I'll do a more comprehensive entry on Maine, focusing on the portions where I lived.  I'll just edit the post above.  I'll stay away from ECH's part of the state which is fairly easy considering I've never been there.  (I think I may have driven through once, but it's a hazy memory). 
Cynicism is a blank check for failure.

Eater of Clowns

Quote from: Pippa Twiddleton on December 22, 2012, 01:06:36 AM
EoC, you are the bane of my existence.

Quote from: The Good Reverend Roger on March 07, 2014, 01:18:23 AM
EoC doesn't make creepy.

EoC makes creepy worse.

Quote
the afflicted persons get hold of and consume carrots even in socially quite unacceptable situations.

Eve

Awesome idea. For my part, I can't really remember details about places I've been. :oops:   Makes me want to go run around Boston more, though!
Emotionally crippled narcissist.

Jenne

Dangit, has been a year.  :lulz:  I suck.  I'll work on this later on this week.

Suu

Sovereign Episkopos-Princess Kaousuu; Esq., Battle Nun, Bene Gesserit.
Our Lady of Perpetual Confusion; 1st Church of Discordia

"Add a dab of lavender to milk, leave town with an orange, and pretend you're laughing at it."

Eater of Clowns

What do you all think, is this better written by locals who know the area well, or is it better written by tourists, who are always given these suggestions and can verify personally which are good and which are bad.  I know a lot of locals never do any of the touristy things, and as much as I love going to a new place and living how the people there do, I also would be pretty disappointed to go to Paris and not see the Eiffel Tower.
Quote from: Pippa Twiddleton on December 22, 2012, 01:06:36 AM
EoC, you are the bane of my existence.

Quote from: The Good Reverend Roger on March 07, 2014, 01:18:23 AM
EoC doesn't make creepy.

EoC makes creepy worse.

Quote
the afflicted persons get hold of and consume carrots even in socially quite unacceptable situations.

Jenne

Welp, I think both.  Because we've probably all had to play tourist in our own areas--especially when showing around our out of town guests...

Eve

I was thinking it'd be a nice excuse to go play tourist where I live. I haven't done most of the standard touristy things here in 5-10 years. Ideally then I'd be able to be all "of the normal guide book recommendations, these are worth checking out: blahblahblah. If you want to do off-guide book things, look at this stuff: blahblahblah! And here are some things that sort of run in the middle."

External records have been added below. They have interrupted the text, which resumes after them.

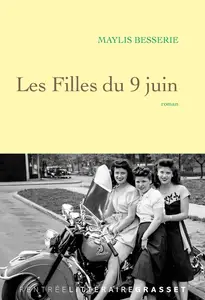 Maylis Besserie, "Les filles du 9 juin"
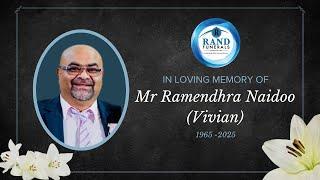 In Loving Memory - MR RAMENDHRA NAIDOO [VIVIAN] (1965 - 2025)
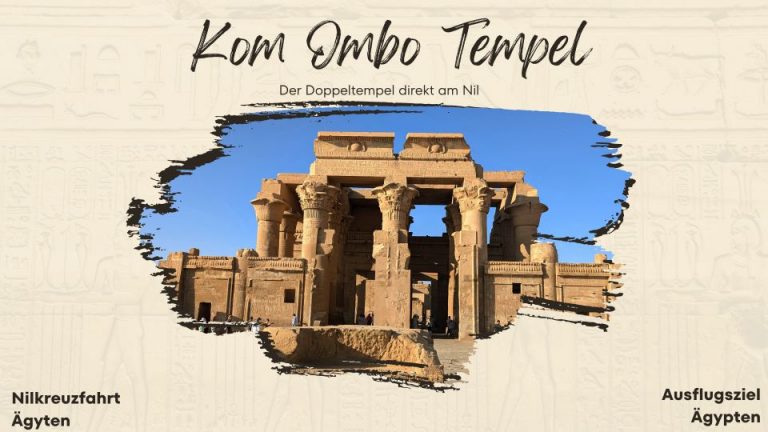 Zwei Götter, ein Tempel – und Krokodilmumien im Doppeltempel von Kom Ombo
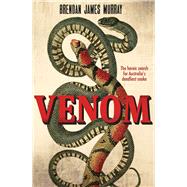 Venom The Heroic Search for Australia's Deadliest Snake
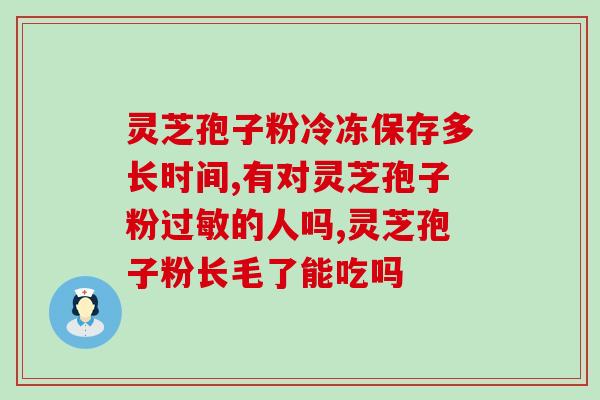 灵芝孢子粉不能卖？孢子粉保质期多长时间
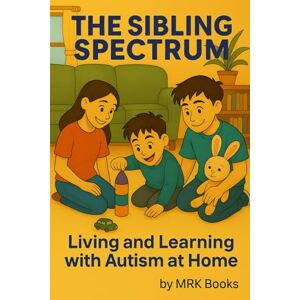Books, MRK The Sibling Spectrum: Living and Learning with Autism at Home Books, MRK The Sibling Spectrum: Living and Learning with Autism at Home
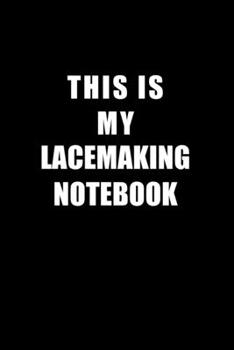 Paperback Notebook For Lacemaking Lovers: This Is My Lacemaking Notebook - Blank Lined Journal Book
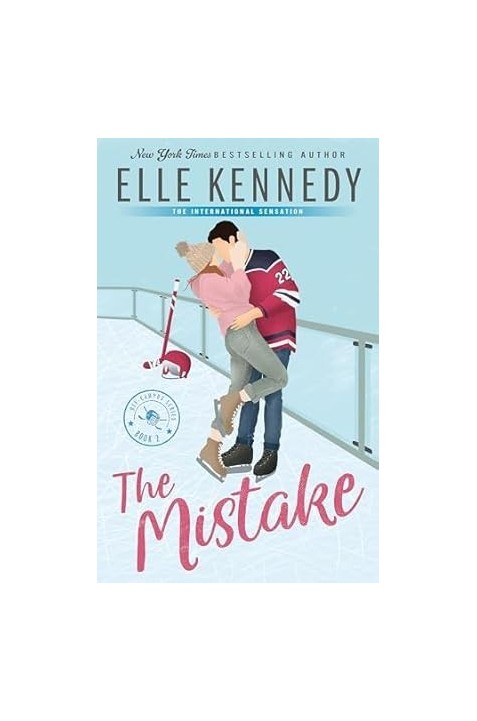 The Mistake  by Elle Kennedy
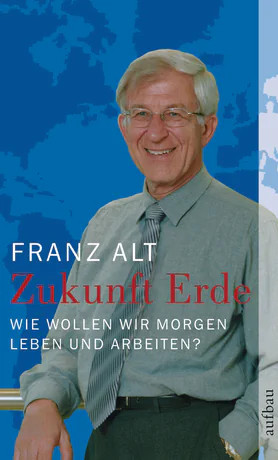 Buch: Zukunft Erde. Wie wollen wir morgen leben und arbeiten?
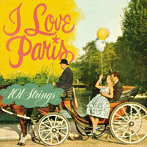 101ストリングス・オーケストラ/I LOVE PARIS（シャンソン名曲集/アイ・ラヴ・パリ）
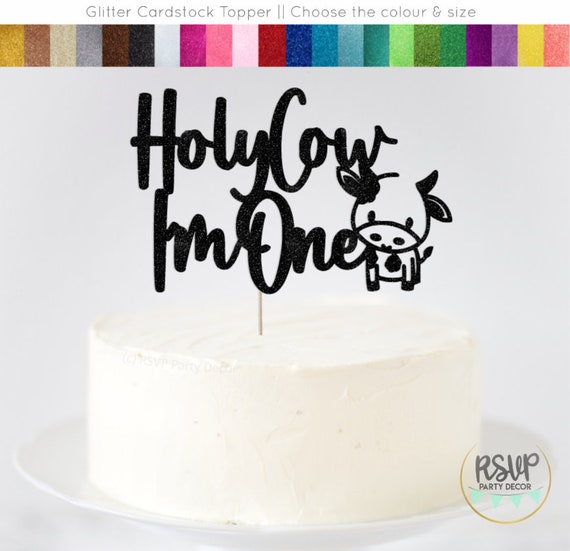 Holy Cow I'm One Cake Topper, Farm 1st Birthday Party Decor, Cow First Cake Smash Topper, Barnyard 1st Birthday Party Decor Sign Il_570xn
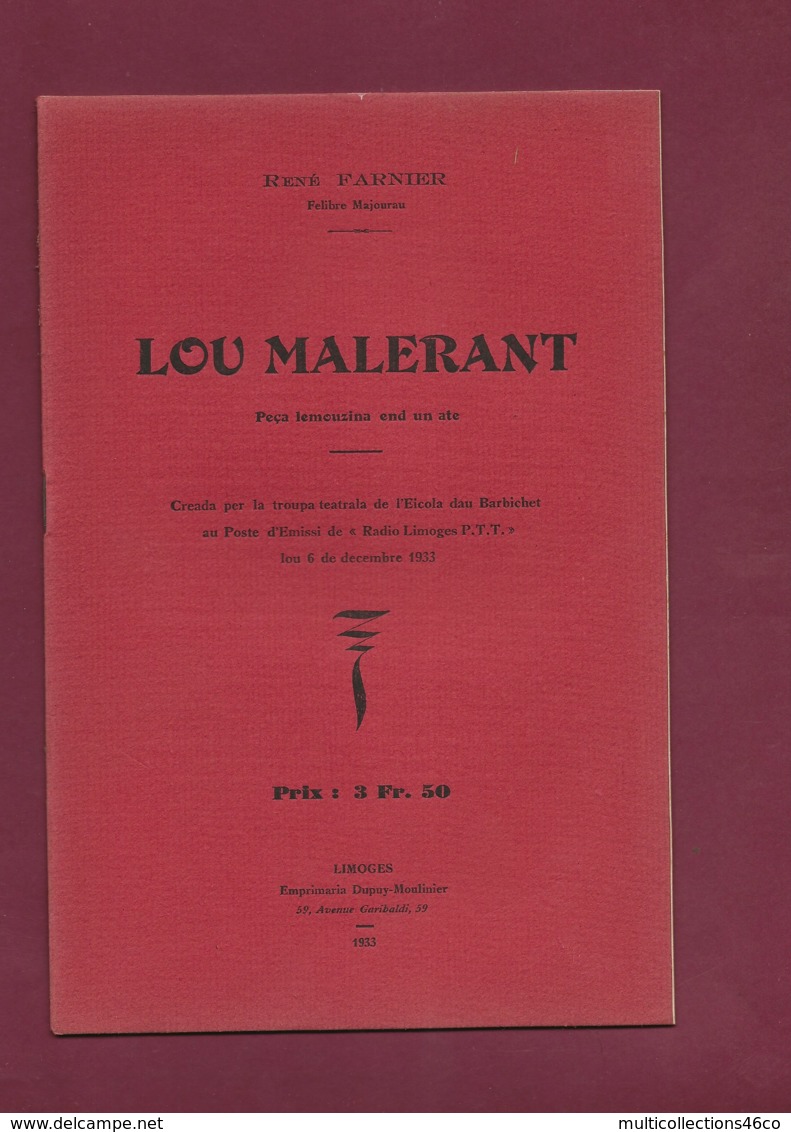 300320 - Livret 1933 RENE FARNIER FELIBRE MAJOURAU - LOU MALERANT Peça Lemouzina End Un Ate Langue D'oc - Livres Anciens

Like Jenne said, some combination of locals and visitors will probably work best. Multiple perspectives and all that.
Emotionally crippled narcissist.

Juana

In the Fresno area proper, there's practically nothing touristy (I have no idea what the German and Japanese tourists come here for). Tower district is like a mini Castro, sort of, and Tower Theater is really cool inside. If you like antiquing, there's some decent stores in Old Town Clovis (I still recommend Fulton's Folly, though, which is in Tower). I can't speak for most of the little towns around here otherwise because I don't go to them.

Good restaurants:
Tsing Tao
North India
Teazers (actually a tea house)
Piemonte's deli
Mezze House (best Mediterranean place in town)
Thai Gem (teeeny tiny place, like I think the max is twenty people, including staff)
Me 'n Ed's (a super good local pizza chain)
Edo Ya
Brahama Bull
Starline Grill

Cool clubs/bars:
The Starline (for local acts)

Other:
Clovis Farmer's Market is every Friday all summer long. Really, really, really good produce, local acts, various things to distract your kids, like a bounce slide, and pretty good food.


In the Sierras:
Yosemite (ehhh...scads of tourists, though still pretty)
Squaw Leap Loop (a small hiking trail - pretty and moderately difficult)
Sequoia National Park (much prettier and much quieter than Yosemite - it and Kings Canyon tend to be where locals go)
Kings Canyon (absolutely gorgeous and very quiet)
Shaver Lake (man made lake, but very pretty. Popular day trip spot here, and Shaver Pizza is a good spot for lunch/dinner)
Dinkey Creek - pretty, there's fishing, and Honeymoon Pool is a good swim in the late summer)
"I dispose of obsolete meat machines.  Not because I hate them (I do) and not because they deserve it (they do), but because they are in the way and those older ones don't meet emissions codes.  They emit too much.  You don't like them and I don't like them, so spare me the hysteria."

Jenne

Hey, I'll do Big Bear Lake, CA, too.  Some local mountains stuff for So Cal.


Placid Dingo

Mooloolah

Sunshine coast. QLD, Australia.

Mooloolah is a piddly little town on the sunshine coast that really isn't all that bad, provided you cab generally entertain yourself. Theres a park wig trees that are good for climbing, a train station that can get you out of there when you go mad and some nice walks. Hunt down the national forest: there's a nice long walk there that will take you through an abandoned train tunnel. There's usually a bit of mildly interesting graffiti on it. Wear shoes; it wasn't all that dangerous to walk through barefoot a few years back, but broken glass pops up now and then. Keep walking long enough and you'll hit Beerwah; but thats a long walk. It's good for bikes too.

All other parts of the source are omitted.